Hargrave didn’t reply.
The morning was spent re-indexing and replacing on the shelves the books that had been returned overnight but Charlie was ready long before the first borrowing period, the half an hour before the midday break. The dark-haired boy he’d seen at breakfast that morning with Prudell was the first one to enter the library.
‘I want a good spy book,’ said the boy. He lisped.
‘There isn’t one,’ said Charlie.
Sir Alistair Wilson had been disappointed with the Chelsea Flower Show. Or, to be more strictly accurate, with the roses. Because growing them was his hobby they were all he’d bothered to see. He thought the attempt to hybridise the Provence Duc de Fitzjames was a disaster, like sticking the stem into colouring instead of preserving water, which made a mockery of the bloom. And the hybrids themselves were pleasing but not outstanding: only the Mullard Jubilee was worth anything more than a second glance. He left early and considered going to his club but then decided against it. If he entered the Travellers without an obvious luncheon companion he risked being ambushed by bores and he didn’t want to relive an expedition up the Nile when the fallaheen knew their place and were damned glad of it or debate the superiority of mule over husky for an Arctic crossing. Instead he went immediately to the office. Although it was lunchtime and Sir Alistair wasn’t scheduled back until mid-afternoon his deputy, Richard Harkness, was in the office. Sometimes the Director wondered if Harkness slept on the premises.
‘Disappointing show,’ said Wilson.
‘I’ve never been,’ said Harkness.
‘Wouldn’t bother this year, if I were you.’
‘I won’t.’
‘How’s it look?’ demanded Wilson. Instead of going to his desk he went to the window with its view of the Thames and the Houses of Parliament beyond. His right leg was permanently stiff from being crushed under a falling polo pony and it was sometimes more comfortable to stand than to sit. Today was one of those days.
‘Good, I think,’ said Harkness. ‘Five obvious messages, four doubtful.’
‘Imagine the Russians will have intercepted?’
‘Maybe not all,’ said Harkness, who was given to caution. ‘But some; I’m sure they will have monitored some. Be astonishing if they hadn’t.’
‘Dangerous then?’
Harkness frowned at the question. He was a neat, proper man, pink-faced and tightly barbered: the suits were always dark and waistcoated and unobtrusive, the shirts hard-collared, the ties bland. People never remembered Richard Harkness: he didn’t want them to. ‘It was dangerous, from the beginning,’ he said.

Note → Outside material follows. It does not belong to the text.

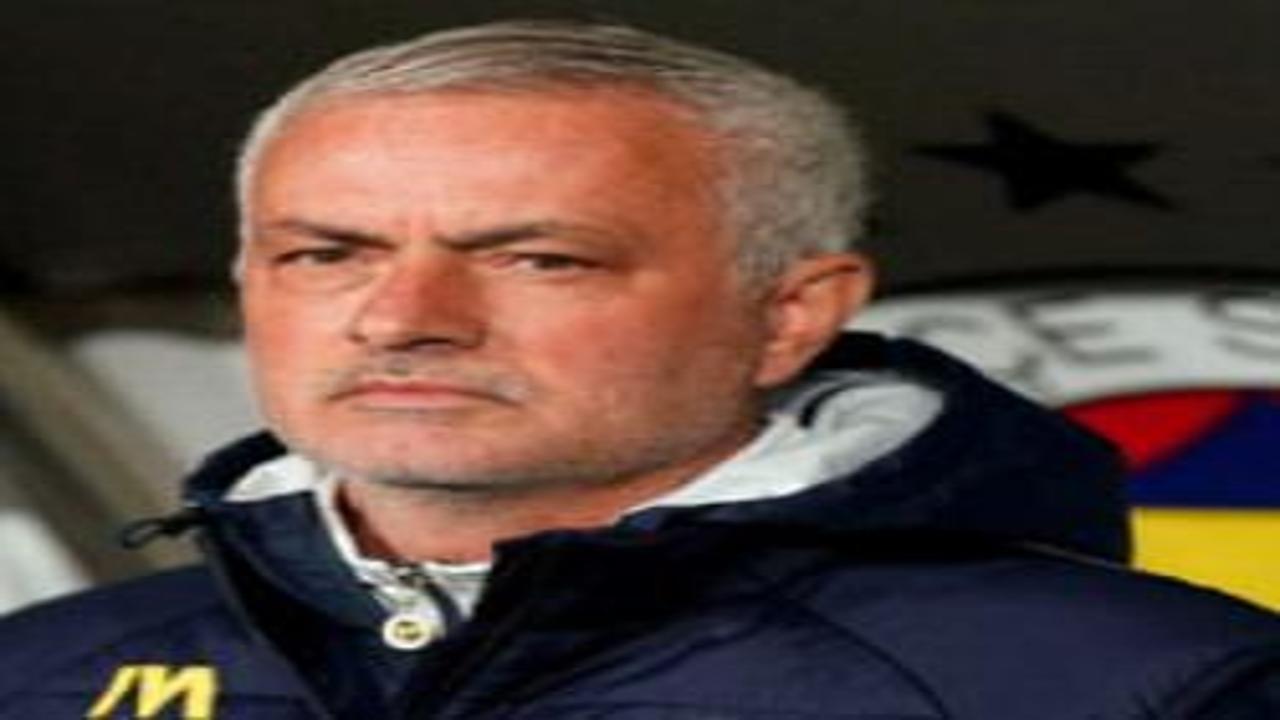 Jose Mourinho Türkiye'yi AİHM'ye şikayet etti! Savunmamız istendi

Still looking out over London, Wilson said, ‘Sometimes I think how safe and protected we are here. Not like the poor buggers out there in the streets.’
Harkness, who was accustomed to his superior’s occasional philosophising, said nothing.
Wilson bent, massaging his rigidly stiff knee. ‘We’re going to need a lot of luck,’ he said. ‘A hell of a lot of luck.’